It’s certainly the wrong question to ask Jesus because you already know the answer. And really, it’s the wrong way to think about it.  If we acknowledge that we are indeed Temples of the Lord, then it’s not Jesus Christ who is the unwelcome interloper barging into our lives and attempting to take control; but rather we ourselves who are attempting to impose our sinful and selfish wills on what belongs to him.  We are the ones who don’t get it.  We’ve been purchased with a price.  We don’t belong to ourselves; but to him.  Which is why Jesus is here today to set things straight with the same three pronged attack:  to cast out what doesn’t belong in here, to create in us a new heart to replace old one sickened and twisted by sin, and to teach us God’s Word with authority so that his will and his Spirit are what reign in our bodies...


…Our bodies both as individuals and also collectively in this Church which is the body of Christ.  Just as we must come to see that these bodies don’t belong to us, we must see also that this Church and its teachings and practices are not ours to do with as we please. They belong to Jesus.  His is the only Word with authority here; but sadly, not everyone sees it that way.  A couple of weeks ago I read an article in the paper written by a local pastor.  He mentioned how much he enjoyed having people from different perspectives come to his Bible studies:  atheists, agnostics, adherents of different religions, he welcomed them all because he said he enjoyed the stimulating conversation and the sharing of diverse ideas.  The only one he said he wouldn’t welcome was someone with what he called “an authoritarian agenda” – by which I’m sure he meant a person who took a stand on God’s Word and knew what he believed, why he believed it, and who was unwilling to compromise the truth.  Now, I don’t imagine he meant to say so, but that would mean Jesus would not be welcome at his Bible studies because certainly he has an authoritarian agenda.

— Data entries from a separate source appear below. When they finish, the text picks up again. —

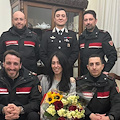 Torre Annunziata, Carabinieri salvano donna colpita da infarto con massaggio cardiaco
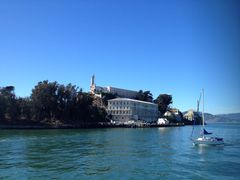 -阿尔卡特拉斯岛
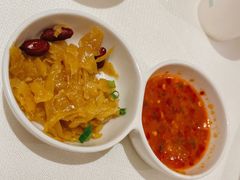 小菜-莆田餐厅PUTIEN(西安万象天地店)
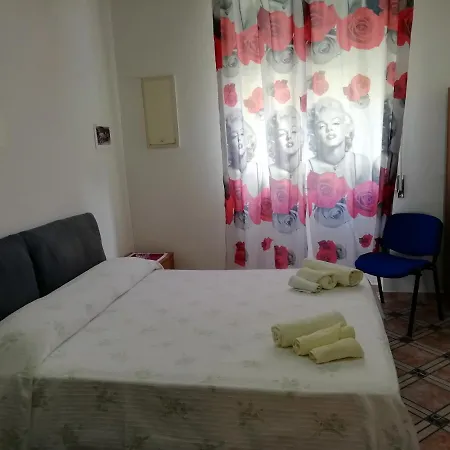 Casa Claudia Palermo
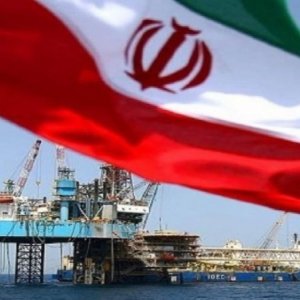 iran petroleo guerra comercial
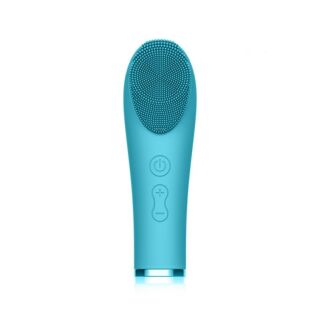 Косметическая щетка для лица Oromed ORO FACE BRUSH BLUE
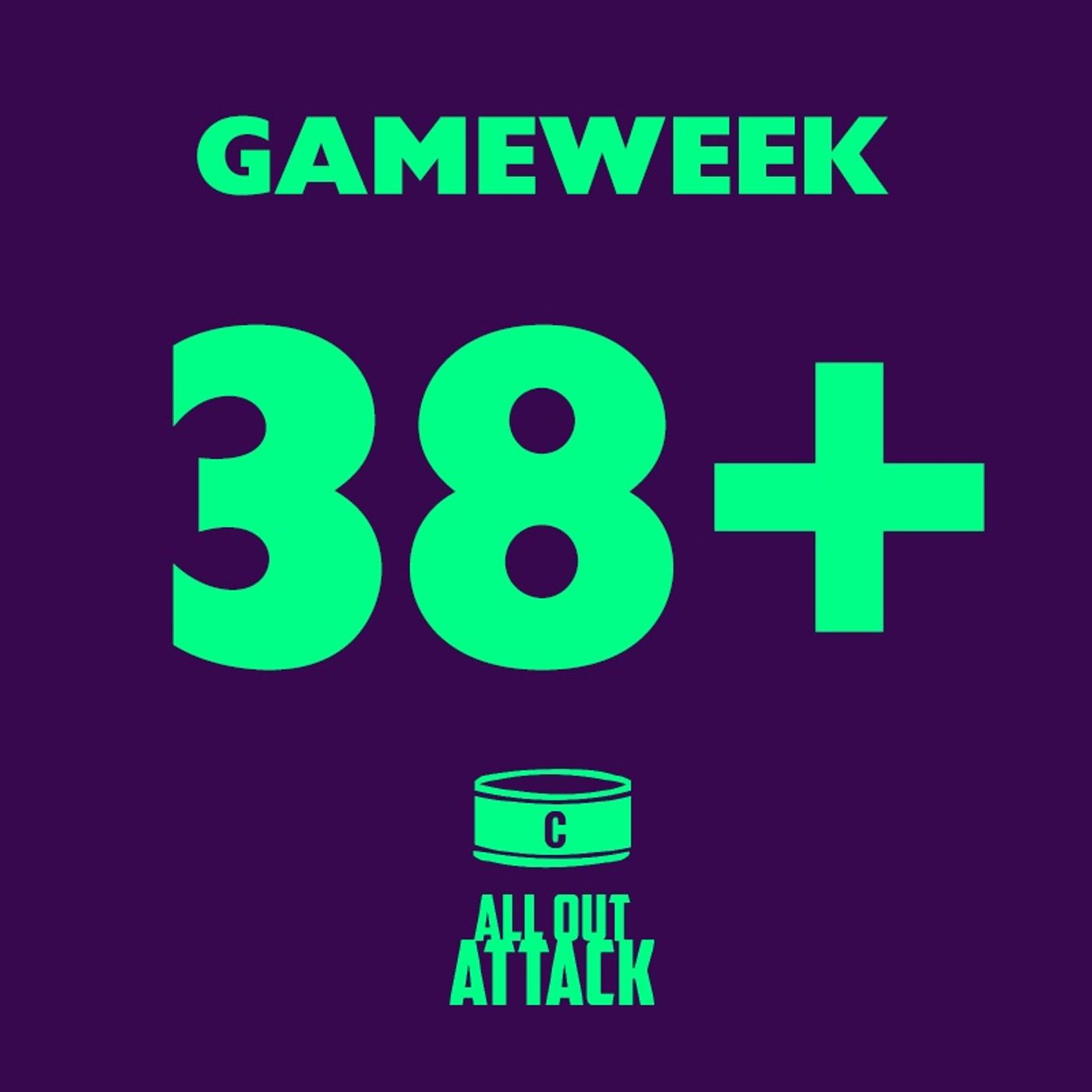 All Out Attack: An FPL Podcast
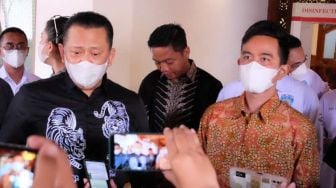 Penyimpangan Politik SARA Harus Dilawan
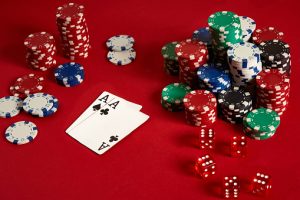 Best Tips for Getting an Online Gambling Site. 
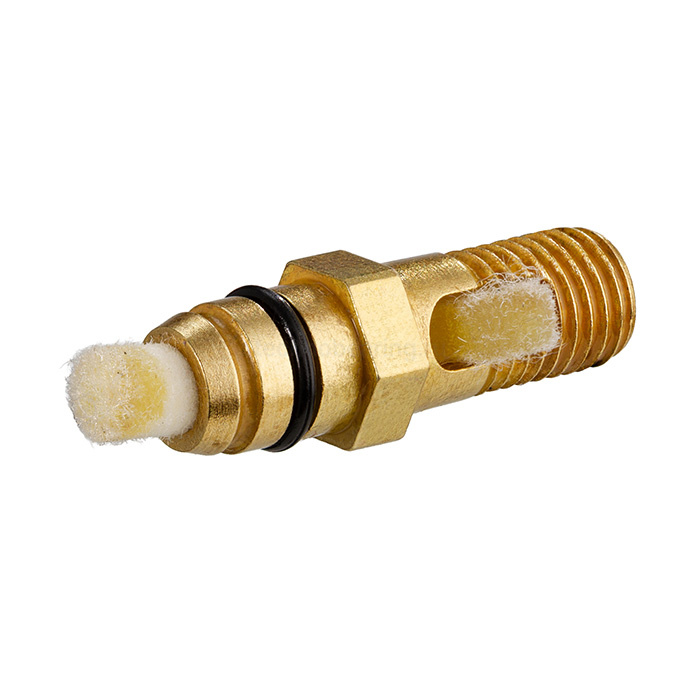 Смазывающий картридж HG45E2 ISKRA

I’m all for sharing ideas and stimulating discourse; but in the end every human thought and opinion must be captive to the Word and the authority of Jesus Christ.  And we do well to remember this in everything we do together here as his Church.


It all comes down to a question of authority:  Who’s in charge in your life?  Who has the authority in the Church?  May God our Father keep us steadfast in his Word so that in all things we may honor Jesus Christ, and by our words and actions crown him Lord of all. In Jesus’ name.  Amen.  


Soli Deo Gloria!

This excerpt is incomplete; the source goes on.